## Excerpted records:
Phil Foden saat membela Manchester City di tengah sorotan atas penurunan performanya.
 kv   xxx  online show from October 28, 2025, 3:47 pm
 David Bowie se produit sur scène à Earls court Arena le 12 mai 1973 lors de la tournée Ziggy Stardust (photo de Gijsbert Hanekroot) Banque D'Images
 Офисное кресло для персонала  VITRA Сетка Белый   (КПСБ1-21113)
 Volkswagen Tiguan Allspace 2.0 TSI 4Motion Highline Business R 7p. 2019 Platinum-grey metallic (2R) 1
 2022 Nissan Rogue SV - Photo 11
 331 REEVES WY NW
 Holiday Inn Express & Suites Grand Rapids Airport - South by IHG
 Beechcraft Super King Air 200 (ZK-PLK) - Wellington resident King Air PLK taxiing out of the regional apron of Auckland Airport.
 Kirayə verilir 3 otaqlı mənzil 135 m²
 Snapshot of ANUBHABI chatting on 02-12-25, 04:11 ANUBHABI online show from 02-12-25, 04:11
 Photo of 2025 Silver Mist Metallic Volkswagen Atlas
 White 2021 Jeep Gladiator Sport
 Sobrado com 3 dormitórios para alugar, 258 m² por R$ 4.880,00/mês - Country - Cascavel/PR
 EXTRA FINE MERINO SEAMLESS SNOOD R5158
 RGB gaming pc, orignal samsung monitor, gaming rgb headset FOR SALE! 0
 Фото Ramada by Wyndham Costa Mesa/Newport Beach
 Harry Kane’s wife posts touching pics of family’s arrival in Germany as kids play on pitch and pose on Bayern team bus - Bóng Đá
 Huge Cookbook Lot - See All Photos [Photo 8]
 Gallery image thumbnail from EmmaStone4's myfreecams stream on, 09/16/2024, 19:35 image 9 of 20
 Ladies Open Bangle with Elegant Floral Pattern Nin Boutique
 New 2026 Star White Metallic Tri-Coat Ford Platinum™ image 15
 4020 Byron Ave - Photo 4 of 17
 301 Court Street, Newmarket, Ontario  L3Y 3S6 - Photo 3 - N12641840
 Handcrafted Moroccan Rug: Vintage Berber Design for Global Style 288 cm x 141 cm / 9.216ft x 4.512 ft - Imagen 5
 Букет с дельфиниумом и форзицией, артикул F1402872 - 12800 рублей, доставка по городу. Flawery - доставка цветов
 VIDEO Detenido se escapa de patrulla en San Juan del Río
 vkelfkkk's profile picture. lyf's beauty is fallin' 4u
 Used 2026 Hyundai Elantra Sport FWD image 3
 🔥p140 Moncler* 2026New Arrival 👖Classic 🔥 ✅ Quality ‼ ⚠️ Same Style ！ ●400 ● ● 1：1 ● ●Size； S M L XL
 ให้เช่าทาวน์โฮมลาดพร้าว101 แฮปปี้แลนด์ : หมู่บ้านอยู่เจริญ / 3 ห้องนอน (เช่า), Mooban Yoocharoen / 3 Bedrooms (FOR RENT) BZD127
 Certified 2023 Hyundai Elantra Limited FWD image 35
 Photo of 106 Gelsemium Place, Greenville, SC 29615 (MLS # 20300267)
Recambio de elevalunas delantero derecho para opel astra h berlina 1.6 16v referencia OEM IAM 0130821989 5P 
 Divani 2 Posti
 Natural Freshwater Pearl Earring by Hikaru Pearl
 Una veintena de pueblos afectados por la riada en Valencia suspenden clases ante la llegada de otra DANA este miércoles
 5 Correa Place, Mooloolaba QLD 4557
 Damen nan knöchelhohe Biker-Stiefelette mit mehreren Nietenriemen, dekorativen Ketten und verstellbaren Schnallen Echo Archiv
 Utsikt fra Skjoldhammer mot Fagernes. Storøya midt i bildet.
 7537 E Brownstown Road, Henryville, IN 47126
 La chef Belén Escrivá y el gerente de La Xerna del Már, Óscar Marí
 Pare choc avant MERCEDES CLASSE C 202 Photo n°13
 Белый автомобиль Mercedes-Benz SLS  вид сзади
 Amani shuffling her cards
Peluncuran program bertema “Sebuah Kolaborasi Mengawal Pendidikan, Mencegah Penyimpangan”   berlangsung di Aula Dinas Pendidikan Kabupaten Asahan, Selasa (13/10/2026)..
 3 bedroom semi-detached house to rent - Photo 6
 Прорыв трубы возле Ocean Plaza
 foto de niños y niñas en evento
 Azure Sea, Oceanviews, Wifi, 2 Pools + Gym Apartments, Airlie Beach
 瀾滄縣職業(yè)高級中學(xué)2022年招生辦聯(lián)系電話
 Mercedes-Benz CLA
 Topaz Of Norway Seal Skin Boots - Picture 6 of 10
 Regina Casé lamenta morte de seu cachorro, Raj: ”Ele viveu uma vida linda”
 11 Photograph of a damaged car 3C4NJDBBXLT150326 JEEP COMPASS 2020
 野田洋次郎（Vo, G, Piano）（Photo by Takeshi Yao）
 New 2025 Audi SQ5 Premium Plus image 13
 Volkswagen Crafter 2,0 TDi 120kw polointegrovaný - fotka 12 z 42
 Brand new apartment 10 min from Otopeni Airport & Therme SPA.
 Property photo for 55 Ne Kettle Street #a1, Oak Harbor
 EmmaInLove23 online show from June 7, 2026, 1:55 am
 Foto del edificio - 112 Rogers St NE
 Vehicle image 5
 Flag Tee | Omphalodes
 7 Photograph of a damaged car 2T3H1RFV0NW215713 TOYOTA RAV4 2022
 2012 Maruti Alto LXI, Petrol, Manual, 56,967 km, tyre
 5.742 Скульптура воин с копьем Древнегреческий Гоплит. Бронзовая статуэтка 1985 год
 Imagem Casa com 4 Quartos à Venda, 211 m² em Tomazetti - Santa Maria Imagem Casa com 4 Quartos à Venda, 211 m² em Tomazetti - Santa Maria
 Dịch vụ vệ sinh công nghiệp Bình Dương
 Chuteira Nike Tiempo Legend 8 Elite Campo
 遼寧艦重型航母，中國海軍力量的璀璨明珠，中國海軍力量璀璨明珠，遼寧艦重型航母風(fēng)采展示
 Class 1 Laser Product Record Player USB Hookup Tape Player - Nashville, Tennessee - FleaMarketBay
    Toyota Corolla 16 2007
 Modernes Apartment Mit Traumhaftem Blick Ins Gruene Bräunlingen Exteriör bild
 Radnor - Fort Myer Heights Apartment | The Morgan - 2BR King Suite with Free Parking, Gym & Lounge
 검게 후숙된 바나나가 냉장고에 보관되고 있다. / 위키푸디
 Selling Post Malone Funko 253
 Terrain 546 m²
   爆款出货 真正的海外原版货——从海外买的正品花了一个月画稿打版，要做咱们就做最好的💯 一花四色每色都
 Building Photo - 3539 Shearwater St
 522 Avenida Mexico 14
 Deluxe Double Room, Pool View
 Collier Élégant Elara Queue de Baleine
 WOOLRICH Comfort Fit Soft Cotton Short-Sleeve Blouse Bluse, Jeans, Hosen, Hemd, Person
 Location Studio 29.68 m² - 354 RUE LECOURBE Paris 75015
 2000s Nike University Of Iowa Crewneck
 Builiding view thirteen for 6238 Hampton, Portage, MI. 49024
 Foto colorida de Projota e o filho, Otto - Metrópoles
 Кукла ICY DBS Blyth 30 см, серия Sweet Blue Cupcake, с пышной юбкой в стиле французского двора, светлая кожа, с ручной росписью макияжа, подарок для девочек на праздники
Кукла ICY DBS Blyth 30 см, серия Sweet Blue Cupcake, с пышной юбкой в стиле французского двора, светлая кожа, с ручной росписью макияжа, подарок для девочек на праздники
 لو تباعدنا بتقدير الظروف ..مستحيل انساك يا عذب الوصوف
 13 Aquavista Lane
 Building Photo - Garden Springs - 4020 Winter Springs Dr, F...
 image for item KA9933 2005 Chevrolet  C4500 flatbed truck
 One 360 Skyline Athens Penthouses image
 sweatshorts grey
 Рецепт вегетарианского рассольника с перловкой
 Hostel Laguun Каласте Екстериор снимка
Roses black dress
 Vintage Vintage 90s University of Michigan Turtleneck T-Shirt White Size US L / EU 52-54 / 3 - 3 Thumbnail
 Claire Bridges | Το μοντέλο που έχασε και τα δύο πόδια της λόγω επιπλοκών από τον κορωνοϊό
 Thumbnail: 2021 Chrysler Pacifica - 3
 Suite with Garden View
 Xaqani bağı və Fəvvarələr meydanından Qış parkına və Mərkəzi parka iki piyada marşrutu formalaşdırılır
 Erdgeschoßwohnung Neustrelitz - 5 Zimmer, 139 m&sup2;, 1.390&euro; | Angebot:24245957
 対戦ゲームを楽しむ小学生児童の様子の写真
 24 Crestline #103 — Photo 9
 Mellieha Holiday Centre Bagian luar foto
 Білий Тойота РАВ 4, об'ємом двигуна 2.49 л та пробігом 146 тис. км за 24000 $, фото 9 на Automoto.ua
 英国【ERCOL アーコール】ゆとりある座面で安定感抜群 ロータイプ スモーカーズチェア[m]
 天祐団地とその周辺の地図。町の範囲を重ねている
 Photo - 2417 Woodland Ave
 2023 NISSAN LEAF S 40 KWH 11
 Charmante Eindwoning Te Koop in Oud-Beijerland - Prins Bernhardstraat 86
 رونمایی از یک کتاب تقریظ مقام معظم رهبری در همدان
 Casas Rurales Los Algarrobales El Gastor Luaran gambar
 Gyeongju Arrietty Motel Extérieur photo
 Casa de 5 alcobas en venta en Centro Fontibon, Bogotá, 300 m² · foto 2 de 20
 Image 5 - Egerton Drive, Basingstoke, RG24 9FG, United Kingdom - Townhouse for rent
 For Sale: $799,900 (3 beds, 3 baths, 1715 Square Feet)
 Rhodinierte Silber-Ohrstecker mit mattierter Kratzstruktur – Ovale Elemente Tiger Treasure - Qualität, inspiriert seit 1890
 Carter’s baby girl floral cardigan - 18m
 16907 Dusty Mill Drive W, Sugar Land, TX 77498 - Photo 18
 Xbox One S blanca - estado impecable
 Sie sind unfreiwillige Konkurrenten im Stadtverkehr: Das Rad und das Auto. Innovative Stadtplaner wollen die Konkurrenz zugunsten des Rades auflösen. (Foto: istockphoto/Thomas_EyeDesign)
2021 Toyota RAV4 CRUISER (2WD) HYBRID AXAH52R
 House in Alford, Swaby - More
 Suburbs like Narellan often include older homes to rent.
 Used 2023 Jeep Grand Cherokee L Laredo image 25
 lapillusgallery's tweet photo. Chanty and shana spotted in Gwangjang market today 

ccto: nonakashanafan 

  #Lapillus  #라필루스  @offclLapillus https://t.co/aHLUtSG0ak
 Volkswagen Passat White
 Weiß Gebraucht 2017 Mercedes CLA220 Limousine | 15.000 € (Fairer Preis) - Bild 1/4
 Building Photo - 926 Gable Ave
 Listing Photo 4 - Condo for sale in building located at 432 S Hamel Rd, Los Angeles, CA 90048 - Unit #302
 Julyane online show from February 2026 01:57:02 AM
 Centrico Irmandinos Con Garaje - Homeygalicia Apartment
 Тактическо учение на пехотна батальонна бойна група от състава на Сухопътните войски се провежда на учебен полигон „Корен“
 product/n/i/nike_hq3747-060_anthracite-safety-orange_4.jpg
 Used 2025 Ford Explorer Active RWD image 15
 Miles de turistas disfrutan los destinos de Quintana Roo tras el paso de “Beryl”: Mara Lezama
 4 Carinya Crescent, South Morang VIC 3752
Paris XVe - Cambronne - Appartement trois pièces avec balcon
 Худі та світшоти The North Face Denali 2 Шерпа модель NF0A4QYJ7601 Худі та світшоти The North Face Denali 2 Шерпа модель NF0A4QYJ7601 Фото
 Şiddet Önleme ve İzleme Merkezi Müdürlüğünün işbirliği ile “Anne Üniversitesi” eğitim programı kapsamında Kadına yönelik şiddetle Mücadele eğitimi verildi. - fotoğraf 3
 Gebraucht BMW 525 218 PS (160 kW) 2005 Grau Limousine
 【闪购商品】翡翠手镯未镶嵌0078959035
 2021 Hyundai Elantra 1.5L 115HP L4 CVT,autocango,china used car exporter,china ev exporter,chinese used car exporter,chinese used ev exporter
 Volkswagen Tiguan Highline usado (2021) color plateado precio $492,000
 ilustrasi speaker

## Exercise objective:
Starting at the line that has "Kirayə verilir 3 otaqlı mənzil 135 m²" and ending at the line that has "RGB gaming pc, orignal", please write out the lines above exactly, leaving out all others.

## Your solution:
 Kirayə verilir 3 otaqlı mənzil 135 m²
 Snapshot of ANUBHABI chatting on 02-12-25, 04:11 ANUBHABI online show from 02-12-25, 04:11
 Photo of 2025 Silver Mist Metallic Volkswagen Atlas
 White 2021 Jeep Gladiator Sport
 Sobrado com 3 dormitórios para alugar, 258 m² por R$ 4.880,00/mês - Country - Cascavel/PR
 EXTRA FINE MERINO SEAMLESS SNOOD R5158
 RGB gaming pc, orignal samsung monitor, gaming rgb headset FOR SALE! 0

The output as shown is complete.